The global technology research and consulting firm’s newly released Quarterly Mobile Phone Tracker shows that overall shipments for the first quarter of the year in Africa totaled 54.5 million units, down -8.2% on Q4 2016.
IDC states that this was primarily due to a stark -17.6% decline in the smartphone segment, with shipments falling from 25.8 million units in Q4 2016 to 21.2 million units in Q1 2017.
The drop in smartphone shipments in Q1 2017 was caused by substantial QoQ declines in the continent’s three largest smartphone markets – South Africa (-13.6%), Nigeria (-8.1%), and Egypt (-11.5%).
In South Africa, the drop was mainly due to high levels of stock in the channel from previous quarters,” says Nabila Popal, a senior research manager at IDC. “Nigeria‘s decline was caused by the ongoing recession in the overall economy as well as difficulties in accessing foreign currencies for imports, while continuing exchange-rate difficulties were also behind the major decline seen in Egypt.”

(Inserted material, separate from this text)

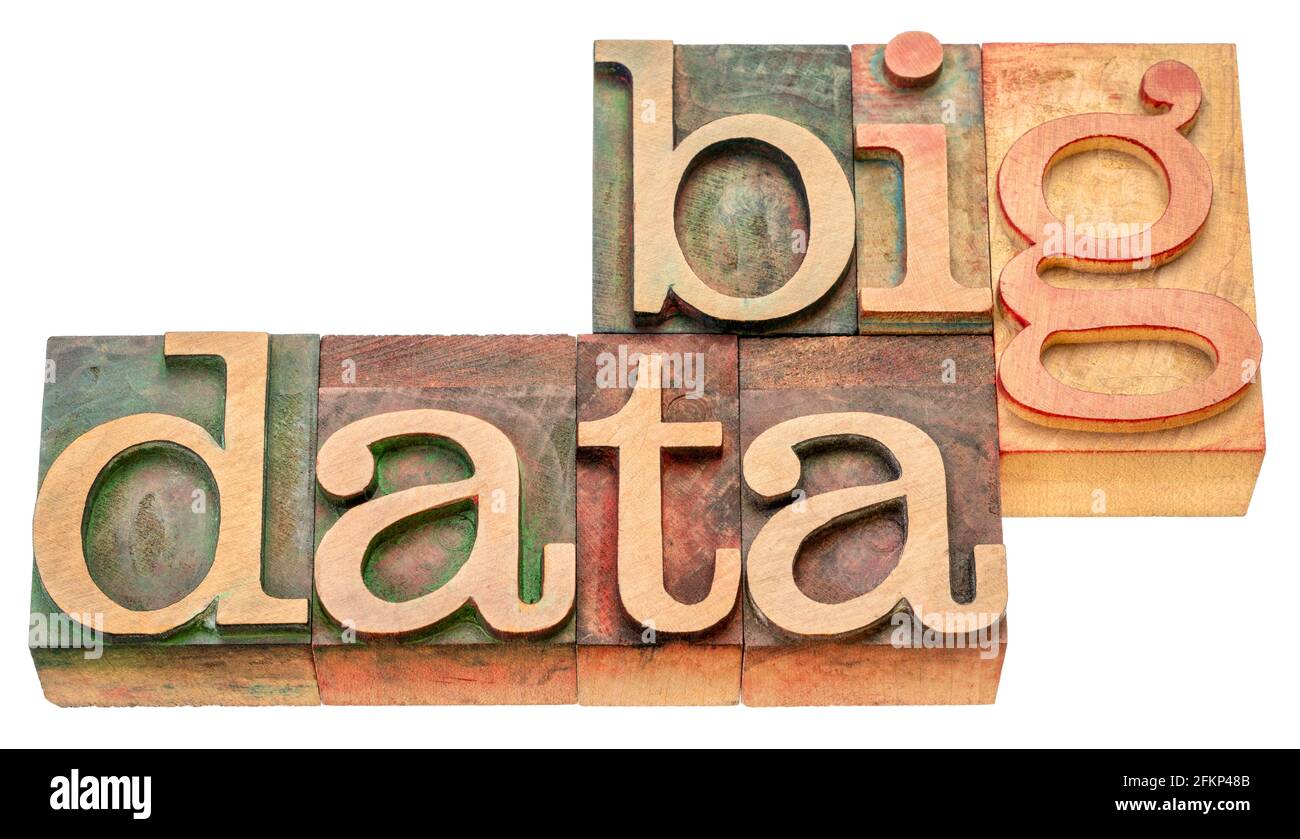 big data - abrégé de mot isolé dans le type de bois de typographie, les affaires, la science, la technologie et le concept d'information Banque D'Images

In terms of vendor rankings, Samsung remains the continent’s leading smartphone vendor, with 29.8% share in Q1 2017, up on the previous two quarters but slightly down on Q1 2016.
Its big rival in Africa, the China-based Transsion group, took second place with 23.9% share of the smartphone market, thanks to its diversified portfolio of mid-range phones and strong focus on the ˂$150 price segment.
IDC is forecasting that Africa’s smartphone shipments will remain flat this year, but for growth to resume in 2018 as the economy gradually recovers.